4

I have implement a link-based BST (binary search tree) in C++ for one of my assignment. I have written my whole class and everything works good, but my assignment asks me to plot the run-times for:

a.  A sorted list of 50000, 75000, and 100000 items
b.  A random list of 50000, 75000, and 100000 items

That's fine, I can insert the numbers but it also asks me to call the FindHeight() and CountLeaves() methods on the tree. My problem is that I've implemented the two functions using recursion. Since I have a such a big list of numbers I'm getting getting a stackoverflow exception.

Here's my class definition:

template <class TItem>
class BinarySearchTree
{
public:
    struct BinarySearchTreeNode
    {
    public:
        TItem Data;
        BinarySearchTreeNode* LeftChild;
        BinarySearchTreeNode* RightChild;
    };

    BinarySearchTreeNode* RootNode;

    BinarySearchTree();
    ~BinarySearchTree();

    void InsertItem(TItem);

    void PrintTree();
    void PrintTree(BinarySearchTreeNode*);

    void DeleteTree();
    void DeleteTree(BinarySearchTreeNode*&);

    int CountLeaves();
    int CountLeaves(BinarySearchTreeNode*);

    int FindHeight();
    int FindHeight(BinarySearchTreeNode*);

    int SingleParents();
    int SingleParents(BinarySearchTreeNode*);

    TItem FindMin();
    TItem FindMin(BinarySearchTreeNode*);

    TItem FindMax();
    TItem FindMax(BinarySearchTreeNode*);
};

FindHeight() Implementation

template <class TItem>
int BinarySearchTree<TItem>::FindHeight()
{
    return FindHeight(RootNode);
}

template <class TItem>
int BinarySearchTree<TItem>::FindHeight(BinarySearchTreeNode* Node)
{
    if(Node == NULL)
        return 0;

    return 1 + max(FindHeight(Node->LeftChild), FindHeight(Node->RightChild));
}

CountLeaves() implementation

template <class TItem>
int BinarySearchTree<TItem>::CountLeaves()
{
    return CountLeaves(RootNode);
}

template <class TItem>
int BinarySearchTree<TItem>::CountLeaves(BinarySearchTreeNode* Node)
{
    if(Node == NULL)
        return 0;
    else if(Node->LeftChild == NULL && Node->RightChild == NULL)
        return 1;
    else
        return CountLeaves(Node->LeftChild) + CountLeaves(Node->RightChild);
}

I tried to think of how I can implement the two methods without recursion but I'm completely stumped.

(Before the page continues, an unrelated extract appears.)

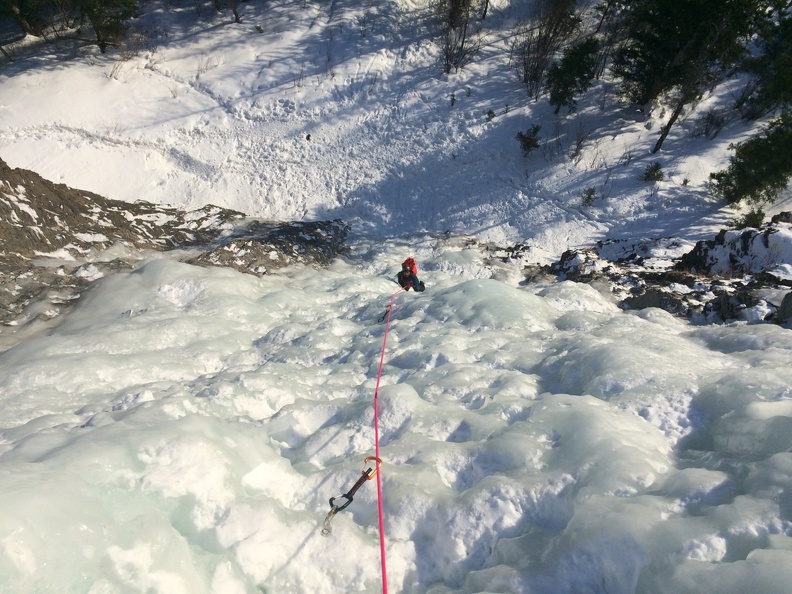 The first long pitch on Moonlight falls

Anyone have any ideas?

Kev
  • 118,037
  • 53
  • 300
  • 385
Saad Imran.
  • 4,480
  • 2
  • 23
  • 33
  • 4
    (a) Question title should describe the question, not your emotional state/hopes&dreams; (b) we don't care when your assignment is due!; (c) no need to sign posts. Good luck! – Lightness Races in Orbit Nov 09 '11 at 23:53
  • @SaadImran: is it safe to say that the insert does no balancing whatsoever? – Mooing Duck Nov 10 '11 at 00:11
  • @SaadImran: on a whim, does it still stackoverflow if you put the word `static` before the function prototypes taking a `BinarySearchTreeNode*` in release builds? eg: `static void PrintTree(BinarySearchTreeNode*);` – Mooing Duck Nov 10 '11 at 00:20
  • @MooingDuck Yes, you're right, I didn't really think far enough to balance the tree, I just inserted numbers 1-100,000 into the tree. I will try balancing as well as adding the static keyword. Thanks! – Saad Imran. Nov 10 '11 at 01:01
  • Look into using red-black semantics for balancing. With a properly balanced tree, you only have to do `ceil(lg n)` levels of recursion. Even if the function is non-static, you shouldn't run out of stack space. – moshbear Nov 10 '11 at 01:06
  • @TomalakGeret'kal I didn't word the question to express my dreams, but to draw attention, I see the problem here, I won't do it next time. I know people don't care when my assignment is due, I just put it there thinking people might help faster. I don't see anything wrong with signing a post, although all I said was I appreciate any help in the problem. Anyways, not here to argue, I will try to follow those tips next time. Thanks. – Saad Imran. Nov 10 '11 at 01:11
  • @moshbear: I believe the upper-bound of red-black trees is `ceil(2*lg(n))` isn't it? – Mooing Duck Nov 10 '11 at 01:17
  • @MooingDuck insertion or search? In any case, it should alleviate the stack overflow. – moshbear Nov 10 '11 at 01:25
  • @moshbear: depth, and yes it solves the problem – Mooing Duck Nov 10 '11 at 05:08
  • Stil better than `O(n)` by a long shot. – moshbear Nov 10 '11 at 05:55

5 Answers5

3

Recursion on a tree with 100,000 nodes should not be a problem if it is balanced. The depth would only be maybe 17, which would not use very much stack in the implementations shown. (log2(100,000) = 16.61). So it seems that maybe the code that is building the tree is not balancing it correctly.

Mark Wilkins
  • 40,729
  • 5
  • 57
  • 110
  • or more likely, insert is not balancing at all. – Mooing Duck Nov 10 '11 at 00:09
  • @Mooing: I agree that is quite possible. Which means that for a sorted list, the BST would basically result in one long linked list of 100,000 items. – Mark Wilkins Nov 10 '11 at 00:11
  • Umm, I didn't think this far. I was looping from 0 to 100,00 and inserting the loop control variable so all nodes in my list just branched off to the right. I will try balancing the tree. Thanks for the help. – Saad Imran. Nov 10 '11 at 00:59
2

I found this page very enlightening because it talks about the mechanics of converting a function that uses recursion to one that uses iteration.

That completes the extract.